Mengusung tema “Dua Dekade Perdamaian Aceh, Bersatu Membangun Bener Meriah Maju dan Bermartabat”, kegiatan ini dihadiri oleh sejumlah tokoh penting, di antaranya perwakilan Wali Nanggroe, Prof Saifuddin Harun; Kepala Dinas Pendidikan Aceh mewakili Gubernur; Bupati dan Wakil Bupati Bener Meriah; unsur Forkopimda; para reje atau kepala desa dari Desa Sidodadi, Kecamatan Bandar, serta Desa Bakongan, Kecamatan Permata; Direktur Pelanggaran HAM Berat Kejaksaan Agung RI; dan Direktur Yayasan Tifa dari Jakarta.
Ketua KKR Aceh, Masthur Yahya, menjelaskan bahwa ‘Mangan Murum’ adalah puncak dari rangkaian rekonsiliasi berbasis komunitas di Bener Meriah. Sehari sebelumnya, telah dilakukan penandatanganan berita acara rekonsiliasi antara pihak Desa Bakongan dan Desa Sidodadi, disaksikan oleh Wakil Bupati, Ketua MPU, Ketua MAG, dan para komisioner KKR Aceh.
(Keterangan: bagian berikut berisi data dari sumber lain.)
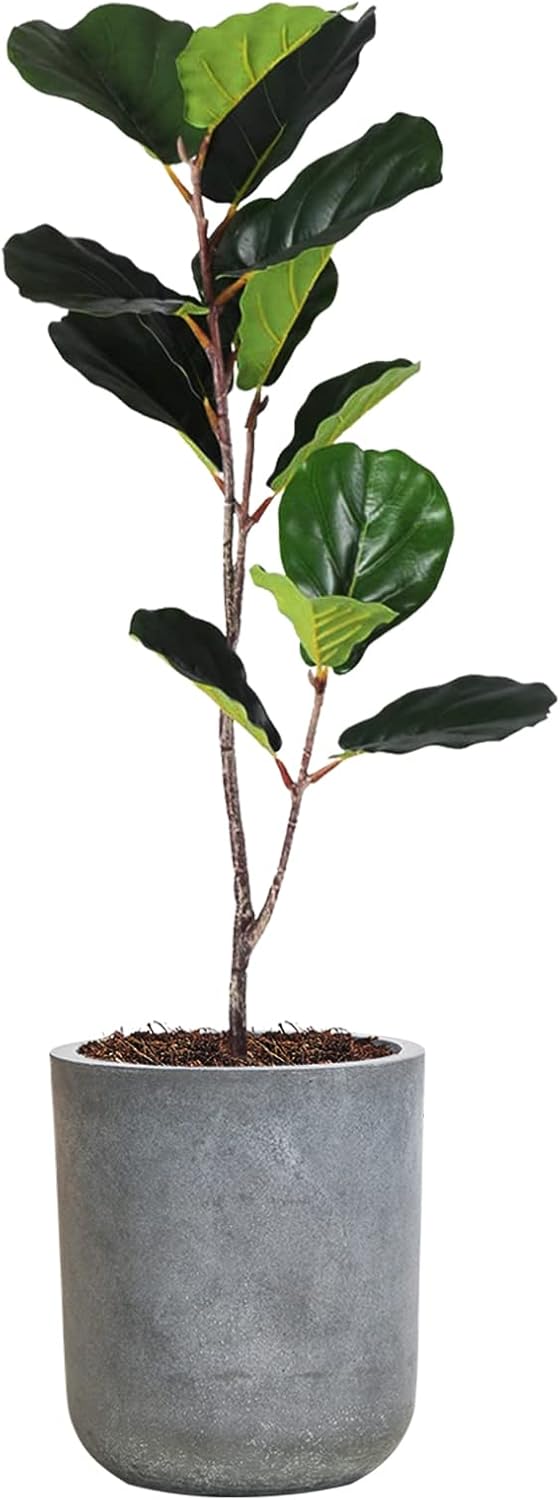 Round Concrete Planter, 8 Inch Plant Pot with Drainage Hole, Large Cement Planter Containers for Indoor Plants & Outdoor, 9.3" H, Slate Gray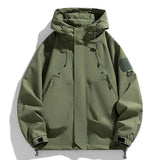 BONSIR  -  Windbreakers Men Hooded Jacket Zipper Coat Cargo Waterproof Black Bomber Camping Loose Thin Softshell Hooded Hiking Jacket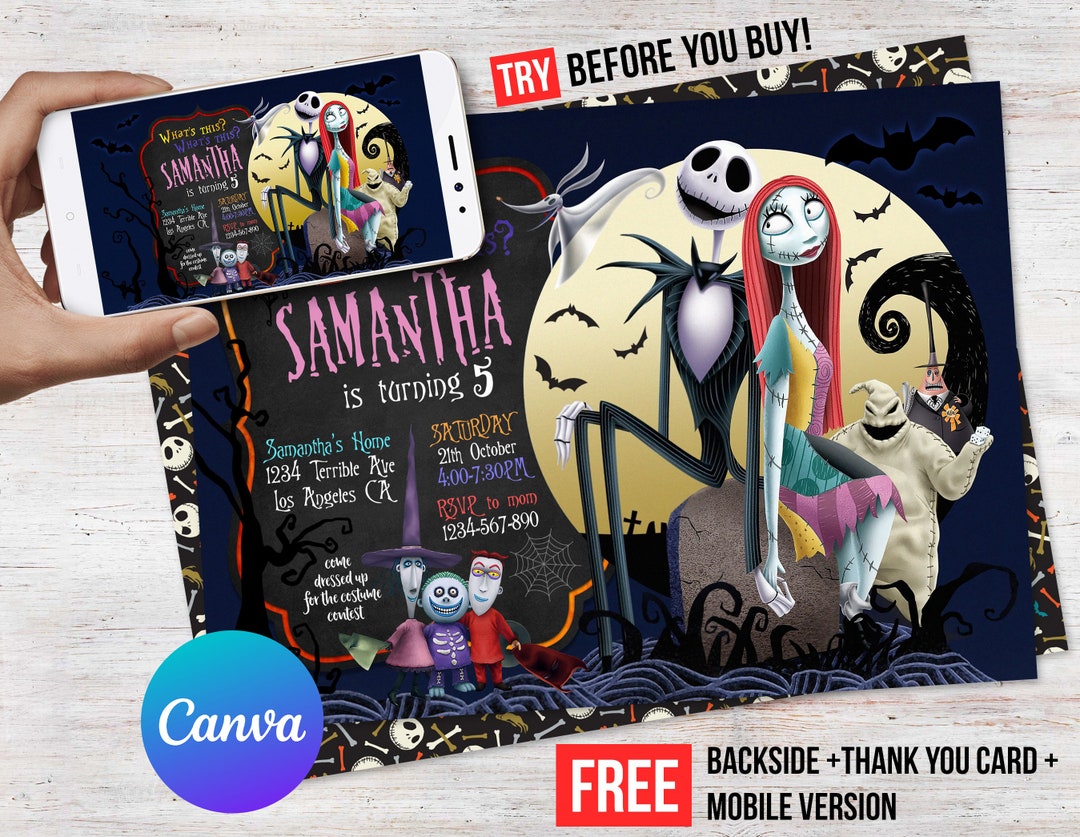 Nightmare Before Christmas Birthday Invitation Girl Halloween Invite Thank You Card Boy Custom ...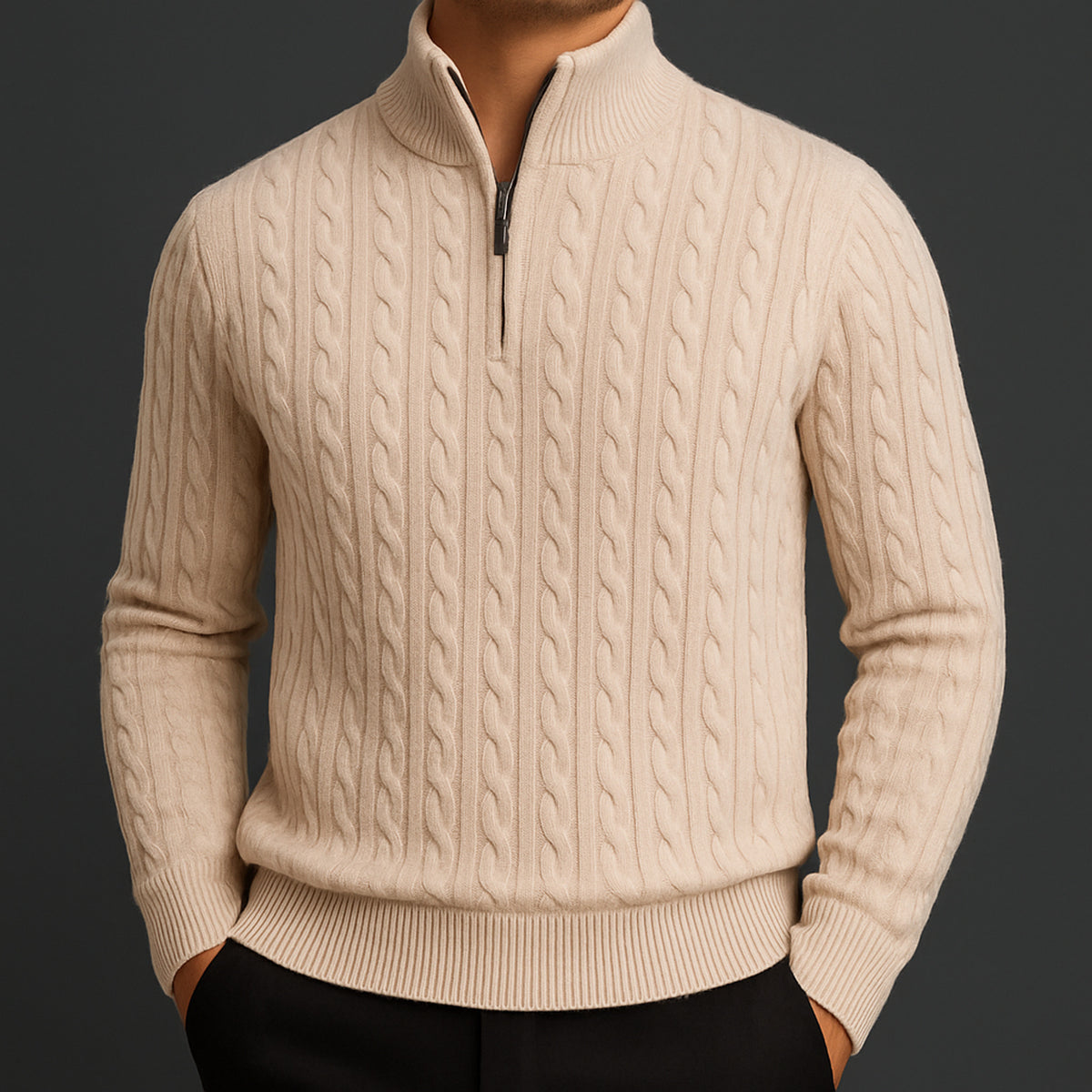 Quarter Zip Sweater with Relaxed Knit Fit and Cable Pattern - Image 1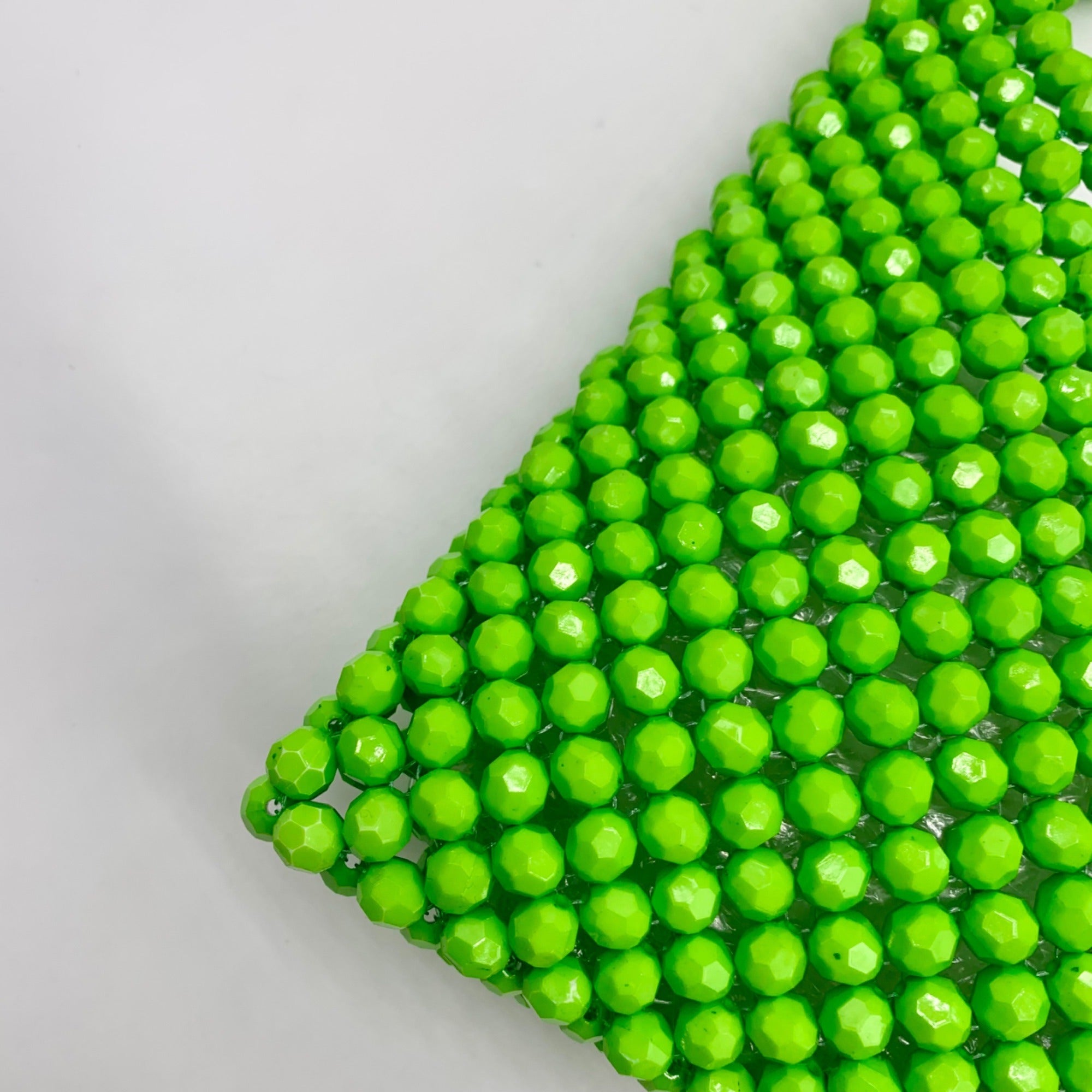MMS Brands Green Handmade Beaded Tote Bag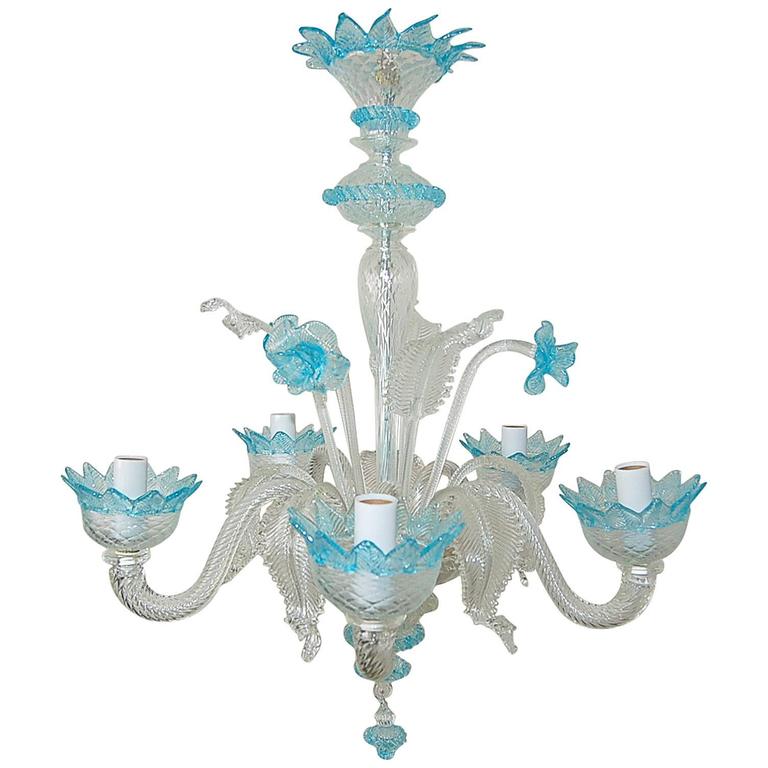 Vintage Murano Glass Chandelier Of Murano Crystal With Blue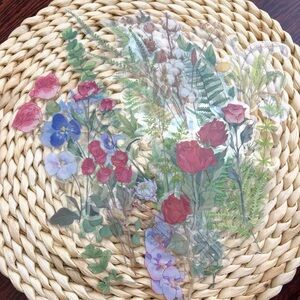 New Big Transparent Floral Botanical Stickers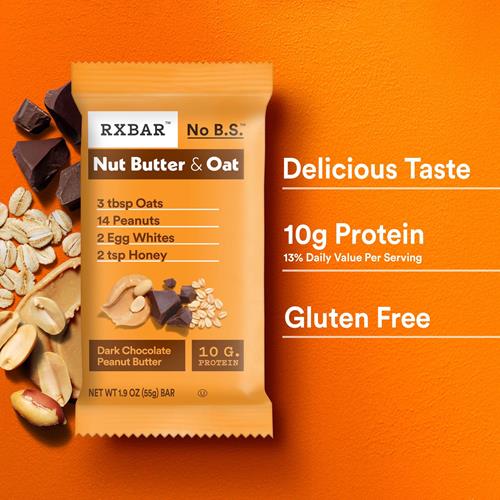 Rxbar Barres protéinées aux noix et avoine, collations protéinées, barres de collation, beurre de cacahuète chocolat noir, boîte de 275 g (5 barres)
“Perdamaian bukan hanya berarti tidak adanya perang, tetapi sebuah keadaan di mana masyarakat dapat hidup harmonis, saling menghormati, dan bebas dari konflik,” ujar Masthur. Menurutnya, proses rekonsiliasi ini lahir dari kesadaran bahwa semua pihak adalah bersaudara, memiliki tanggung jawab bersama membangun Bener Meriah yang maju, makmur, dan berkeadilan.
Ia menegaskan, keberlanjutan perdamaian memerlukan usaha, kejujuran, keikhlasan, dan komitmen bersama, serta kepedulian terhadap nasib para korban konflik masa lalu. “Mari kita jadikan perdamaian Aceh sebagai tujuan bersama, secara jujur dan bertanggung jawab,” pesan Masthur.
Direktur HAM Kejaksaan Agung RI, Muhibbudin, SH, MH, menambahkan bahwa rekonsiliasi komunitas di Bener Meriah dapat menjadi model perdamaian bagi daerah lain di Indonesia.
Dalam budaya Gayo, Mangan Murum berarti makan bersama atau kenduri yang diadakan untuk merayakan dan mempererat silaturahmi antarwarga. Tradisi ini kerap melibatkan dua kampung atau lebih, dan menjadi bagian penting dalam menjaga kebersamaan serta keharmonisan sosial.